Mano a mano che la trama si srotola partendo da quella morte “orribile”, ecco che si ape la sua America, quella che lui ha cantato e continua a cantare, acque apparentemente tranquille che improvvisamente si agitano, vorticano, creando dei mulinelli, archi che solcano le corde, tasti che pizzicano corde e corde le più profonde, che vibrano roche ed emozionali, sapienti chiaroscuri ammalianti che avvolgono il menestrello nella sua voce graffiante come il metallo del Minnesota, e negli intricati percorsi, epici viste anche le citazioni omeriche, di questi quasi 60 anni di storia americana. La voce assume quei toni gravi frutto degli anni, l’età glielo chiede e lui se lo impone. In questa lunga digressione di riferimenti (i suoi o quelli universalmente americani) inizia una lunga litania di autori, musicisti, poeti. Dylan ci indica così una colonna sonora di quasi un’ottantina di brani, e noi lì, col rosario in mano a sgranare e a ripetere a voce bassa i nomi, John Lee Hooker, Thelonius Monk, Charlie Parker, Nat King Cole…

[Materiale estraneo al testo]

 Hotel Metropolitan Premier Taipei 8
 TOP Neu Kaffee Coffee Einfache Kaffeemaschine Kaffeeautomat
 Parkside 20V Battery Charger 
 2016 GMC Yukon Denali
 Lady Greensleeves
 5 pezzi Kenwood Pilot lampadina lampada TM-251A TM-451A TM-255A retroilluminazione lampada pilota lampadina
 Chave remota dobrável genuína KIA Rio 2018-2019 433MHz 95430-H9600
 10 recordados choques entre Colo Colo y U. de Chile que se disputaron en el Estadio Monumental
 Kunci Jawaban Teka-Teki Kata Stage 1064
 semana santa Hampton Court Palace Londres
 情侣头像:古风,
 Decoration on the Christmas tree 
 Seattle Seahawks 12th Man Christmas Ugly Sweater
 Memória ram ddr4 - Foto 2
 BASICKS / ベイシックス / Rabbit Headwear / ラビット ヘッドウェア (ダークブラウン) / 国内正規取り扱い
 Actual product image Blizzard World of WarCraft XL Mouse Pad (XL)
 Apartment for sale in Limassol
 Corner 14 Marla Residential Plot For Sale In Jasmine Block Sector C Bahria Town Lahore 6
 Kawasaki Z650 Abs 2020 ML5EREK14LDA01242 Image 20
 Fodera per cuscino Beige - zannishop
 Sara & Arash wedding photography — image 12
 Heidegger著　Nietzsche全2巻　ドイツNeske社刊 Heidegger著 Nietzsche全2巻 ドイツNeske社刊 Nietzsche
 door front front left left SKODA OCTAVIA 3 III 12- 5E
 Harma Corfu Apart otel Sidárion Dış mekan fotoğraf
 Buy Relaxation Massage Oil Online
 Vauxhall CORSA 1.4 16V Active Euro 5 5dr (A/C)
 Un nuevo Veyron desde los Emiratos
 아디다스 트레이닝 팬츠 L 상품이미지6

Andrea Cossu, professore associato di Sociologia all’Università di Trento, e grande esperto dylaniano, nella sua bellissima e lunghissima recensione al brano pubblicata su gdm scrive: «Poche righe e Dylan ci porta in un viaggio (come Omero, come l’Odissea) in un terreno via via caratterizzato solo da note sparse, da versi che possono stare in un blues di Charlie Patton, in un falsetto di Clarence Ashley, in cui il mistero si fa via via più fitto e per questi motivi illuminante. Poche righe e “oggi è un buon giorno per morire”, nativi americani e Piccolo grande uomo. Poche righe e arrivano momenti cruenti che si possono cantare con la stessa musica di “Pay in Blood”, sempre da Tempest. Una serie di immagini che starebbero bene in “Narrow Way” dello stesso Dylan, o in “Killing Floor” di Howling Wolf. Perché “Murder Most Foul” è una broadside ballad ma anche un blues bastardo, e forse è anche un gospel, l’unica cosa possibile dopo il giorno del giudizio, quelle “36 hours past judgement day” che operano una cesura nella canzone…».
Ed eccoci dunque alla fine di questa inaspettata ventata firmata Bob Dylan. Una musica da quarantena? Può darsi. Una musica che fa riflettere, a prescindere, che ti aiuta, chiuso nel tuo studiolo di casa, o seduto sul divano a guardare il mondo là fuori che sembra passi tutto uguale, tutti seduti nelle nostre personali panchine solitarie. Un’opportunità per guardarci dentro, per essere schietti con noi stessi, su cosa siamo oggi e sui nostri piccoli Murder Most Foul che riponiamo dentro di noi senza avere il coraggio di gridarli al vento… Passerà, passerà, grazie anche a lui e alla musica.